Und in den ersten fünf Monaten dieses Jahres (2010) wurden nach den Daten der Bundesnetzagentur durch die deutschen Solarinstallateure sogar fünf(!) mal so viel Solarmodule NEU installiert wie in den ersten fünf Monaten des vergangenen Jahres (gemeint ist jeweils die Leistung der neuinstallierten Solarmodule).
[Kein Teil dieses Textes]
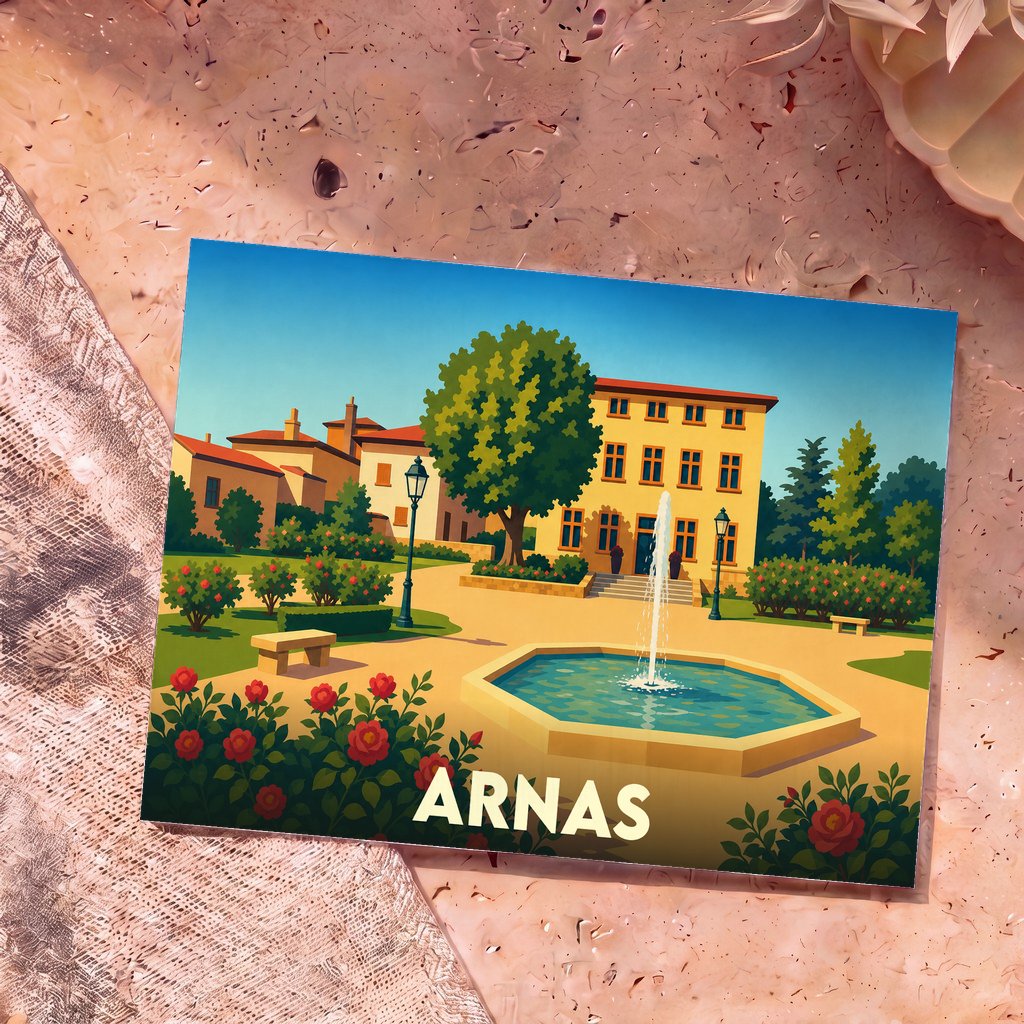 Carte postale souvenir de la ville d'Arnas illustrant une place ensoleillée avec une fontaine et des jardins fleuris.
An sonnigen Tagen erzeugen die deutschen Solarstromanlagen bereits mehr Strom als 8 Atomkraftwerksblöcke.

 

Die Betreiber der fossilen und der Atomkraftwerke befürchten deshalb zu Recht, dass sie immer weniger Kohle- und Atomstrom verkaufen können.

Außerdem beobachten sie mit Sorge, dass sie für den restlichen Kohle- und Atomstrom auch noch schlechtere Strompreise bekommen (Merit-Order Effekt).

Sie appellieren deshalb an die Bundesregierung, das schnelle Anwachsen der Solarenergie zu stoppen, weil sie sonst ihre Großkraftwerke nicht mehr finanzieren können.

http://www.sfv.de/artikel/solarstromverguetung_-_das_gaspedal_der_energiewen

de.htm

In der Öffentlichkeit verwenden die Stromversorger jedoch das gegenteilige Argument, die Zunahme der Solaranlagen würde den Strompreis erhöhen.

Wie unberechtigt diese Behauptung ist, zeigt jetzt ein Gutachten im Auftrag der Grünen Bundestagsfraktion. Dieses Gutachten hat die jüngste

Strompreiserhöhung von RWE und die Strompreisentwicklungen zwischen 2008 und heute analysiert. Darin wird festgestellt, dass seit 2008 die

Strombeschaffungskosten am Strommarkt um ca 1 Cent gesunken sind.

RWE hat trotzdem den Strompreis für private Endkunden um 1,5 Cent pro kWh erhöht und erzielt damit gleich zwei Vorteile:

- Die RWE-Gewinne steigen enorm.

- Stromkunden bekommen Angst vor den (angeblichen) Mehrkosten des Solarstroms.